# Sacraments Question RP or DP?



## Coram Deo (Sep 20, 2007)

I think I am getting so much closer with my Friend who is a pastor with regards to the Regulative Principle... He has just a few more questions......... One has to do with The Lord Supper and another with Baptism but I think I know where he is trying to go with his baptism question.....

1. Would the observance of communion every week be required b/c of the regulative principle?

My answer is leaning No, it would be more Dialogical Principle nature since The Lord's Supper is a covenantal meal that we see in covenantal worship, right? Also because it is exampled for us in Act 2:42 and in other New Testament passages... So it would not be regulative principle but more dialogical principle, correct?

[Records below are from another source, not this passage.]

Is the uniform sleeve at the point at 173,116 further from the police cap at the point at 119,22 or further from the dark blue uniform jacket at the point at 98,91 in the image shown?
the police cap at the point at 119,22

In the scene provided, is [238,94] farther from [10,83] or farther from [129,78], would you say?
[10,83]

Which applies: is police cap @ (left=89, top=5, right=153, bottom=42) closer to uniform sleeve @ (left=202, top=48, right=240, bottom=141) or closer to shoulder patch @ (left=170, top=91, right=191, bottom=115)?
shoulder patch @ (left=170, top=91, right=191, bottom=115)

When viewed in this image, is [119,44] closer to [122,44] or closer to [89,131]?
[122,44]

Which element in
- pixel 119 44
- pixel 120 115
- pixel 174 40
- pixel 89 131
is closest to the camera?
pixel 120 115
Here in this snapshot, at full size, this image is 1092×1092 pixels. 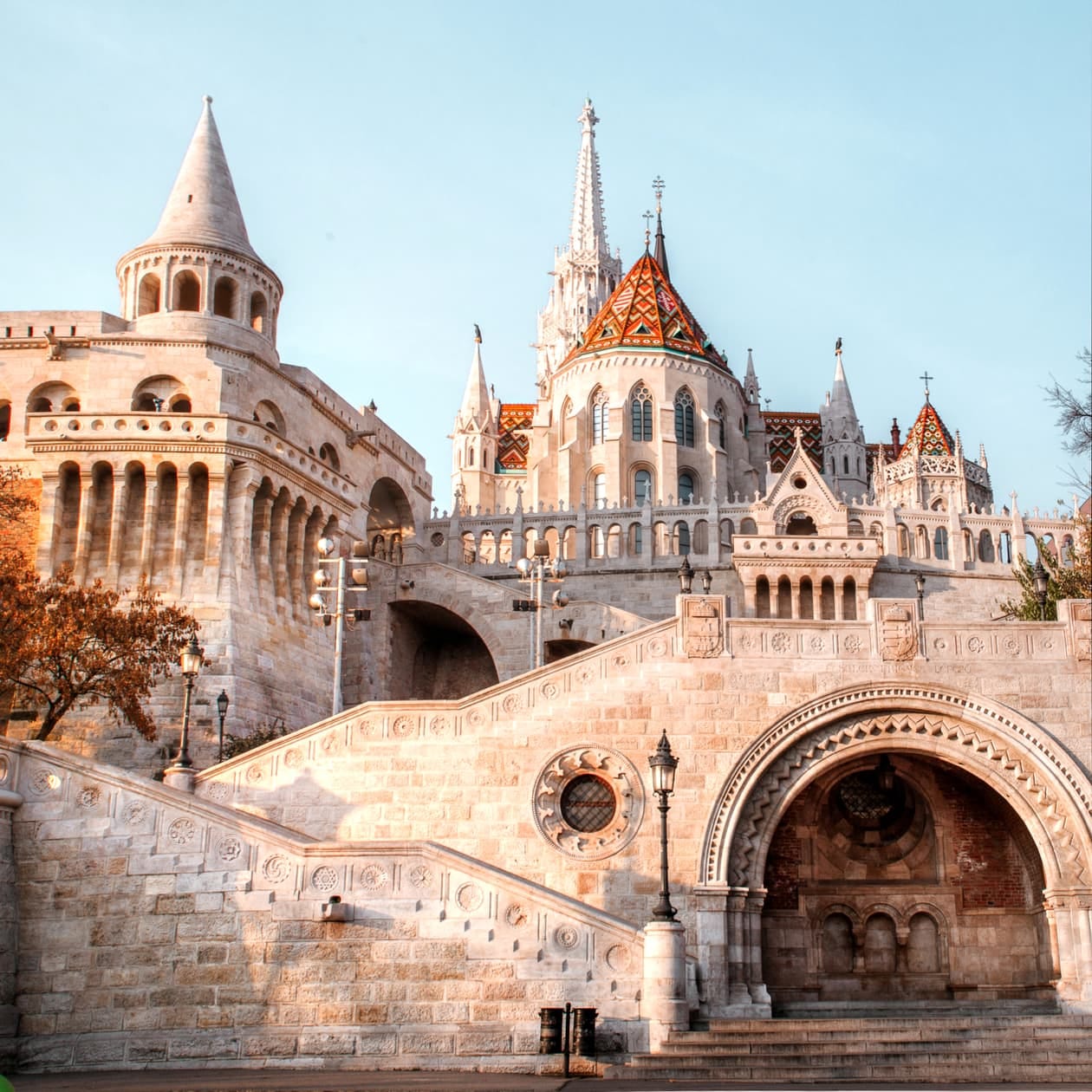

2. Would it be wrong to baptize in salt water?

I think that he by asking this question might be trying to say something regarding wine in the Lord's Supper since I have discussed this with him.... I think he is alluding to since Grape Juice is from the fruit of the Vine, and Wine is also Fruit of the Vine and wine is only fermented grape juice then we should be allowed grape juice.... I am only reasoning here for this question... But Wine is not Grape Juice, it is a completely different beast, right? water is water but wine can not be called grape juice and grape juice wine. Right?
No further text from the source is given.